James v. Atlantic Delaine Co.

13 F. Cas. 300
CourtU.S. Circuit Court for the District of Rhode Island
DecidedJuly 1, 1873
DocketCase No. 7,179
StatusPublished
Cited by1 cases

This text of 13 F. Cas. 300 (James v. Atlantic Delaine Co.) is published on Counsel Stack Legal Research, covering U.S. Circuit Court for the District of Rhode Island primary law. Counsel Stack provides free access to over 12 million legal documents including statutes, case law, regulations, and constitutions.

Bluebook
James v. Atlantic Delaine Co., 13 F. Cas. 300 (circtdri 1873).

Opinion

SHEPLEY, Circuit Judge.

The principal question presented for review is, whether a judgment and execution creditor of a manufacturing corporation in Rhode Island can sustain an involuntary petition in bankruptcy against the officers or stockholders of the corporation for acts of bankruptcy committed by the corporation, such officers or stockholders being subject to the liabilities imposed by the laws of the state upon a failure to comply with the statutes relating to such corporation.
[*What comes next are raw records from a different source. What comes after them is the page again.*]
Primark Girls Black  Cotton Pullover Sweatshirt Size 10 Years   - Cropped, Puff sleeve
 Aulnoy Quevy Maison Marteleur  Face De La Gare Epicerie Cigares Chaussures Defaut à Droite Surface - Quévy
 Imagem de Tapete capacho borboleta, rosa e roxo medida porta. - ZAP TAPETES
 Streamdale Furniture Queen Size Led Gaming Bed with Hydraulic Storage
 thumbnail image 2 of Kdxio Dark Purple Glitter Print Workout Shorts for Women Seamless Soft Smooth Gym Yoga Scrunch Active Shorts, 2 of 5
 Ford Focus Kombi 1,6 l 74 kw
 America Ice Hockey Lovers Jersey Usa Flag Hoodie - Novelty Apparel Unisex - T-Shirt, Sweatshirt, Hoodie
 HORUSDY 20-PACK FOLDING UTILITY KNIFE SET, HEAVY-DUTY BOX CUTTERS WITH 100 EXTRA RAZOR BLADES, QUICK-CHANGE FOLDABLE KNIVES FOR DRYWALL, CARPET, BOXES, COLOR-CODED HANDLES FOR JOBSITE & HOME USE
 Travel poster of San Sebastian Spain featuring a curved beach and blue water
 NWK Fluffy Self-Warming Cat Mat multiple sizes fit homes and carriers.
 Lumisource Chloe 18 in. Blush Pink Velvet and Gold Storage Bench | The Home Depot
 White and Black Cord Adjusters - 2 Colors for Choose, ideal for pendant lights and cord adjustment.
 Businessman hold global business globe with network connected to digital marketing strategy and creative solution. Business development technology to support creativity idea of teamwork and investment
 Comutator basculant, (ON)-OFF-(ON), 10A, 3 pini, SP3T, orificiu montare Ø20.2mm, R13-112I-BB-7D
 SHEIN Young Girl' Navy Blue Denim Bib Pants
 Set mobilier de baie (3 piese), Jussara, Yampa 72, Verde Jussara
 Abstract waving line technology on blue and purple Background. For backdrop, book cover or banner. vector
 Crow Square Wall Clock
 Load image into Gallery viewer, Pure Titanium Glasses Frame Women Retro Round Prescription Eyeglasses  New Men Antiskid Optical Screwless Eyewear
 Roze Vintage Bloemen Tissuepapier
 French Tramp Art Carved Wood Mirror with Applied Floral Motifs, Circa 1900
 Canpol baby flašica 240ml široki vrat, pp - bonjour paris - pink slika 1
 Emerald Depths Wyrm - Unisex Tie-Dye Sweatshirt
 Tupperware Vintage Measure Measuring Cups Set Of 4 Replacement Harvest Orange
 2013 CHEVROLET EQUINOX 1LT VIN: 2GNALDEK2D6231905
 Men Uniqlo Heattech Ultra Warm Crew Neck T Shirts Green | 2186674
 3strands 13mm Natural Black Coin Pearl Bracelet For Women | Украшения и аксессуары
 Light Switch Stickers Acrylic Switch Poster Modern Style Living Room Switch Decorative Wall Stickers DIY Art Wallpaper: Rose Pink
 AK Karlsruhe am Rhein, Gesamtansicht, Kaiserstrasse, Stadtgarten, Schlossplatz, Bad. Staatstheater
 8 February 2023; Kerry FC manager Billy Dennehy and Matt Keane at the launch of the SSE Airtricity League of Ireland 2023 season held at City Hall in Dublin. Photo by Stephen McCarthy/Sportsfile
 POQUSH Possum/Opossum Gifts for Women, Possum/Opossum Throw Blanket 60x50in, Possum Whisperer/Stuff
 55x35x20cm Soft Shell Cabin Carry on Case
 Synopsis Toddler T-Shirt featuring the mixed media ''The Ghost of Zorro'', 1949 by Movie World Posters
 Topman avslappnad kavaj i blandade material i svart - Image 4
The law of 1844, in'force at the date of the incorporation of the Atlantic De-laine Company, and which, if is conceded, was continued by chapter 128 of the Revision of 1857, required that annually, on or before the 15th of February, a certificate signed by a majority of the directors, stating the amount of capital stock paid in, etc., should be filed in the town clerk’s office where the manufactory is established, and that on failure so to do, all the stockholders of such company shall be jointly and severally liable for all the debts of said company then existing, and for all that shall be contracted before such notice shall be given, unless said company shall have become insolvent, etc. The charter of this company declared that the liability of its members and officers shall be fixed and limited to the statute of 1844, and by the same statute it was provided that when the stockholders of any manufacturing company shall be liable to pay the debts of such company, or any part thereof, their persons and property may be taken therefor, on' any writ of attachment or execution against the company for such debt, in the same manner as on writs and executions issued against them for their individual debts. A remedy in equity was also provided against stockholders or officers of the company.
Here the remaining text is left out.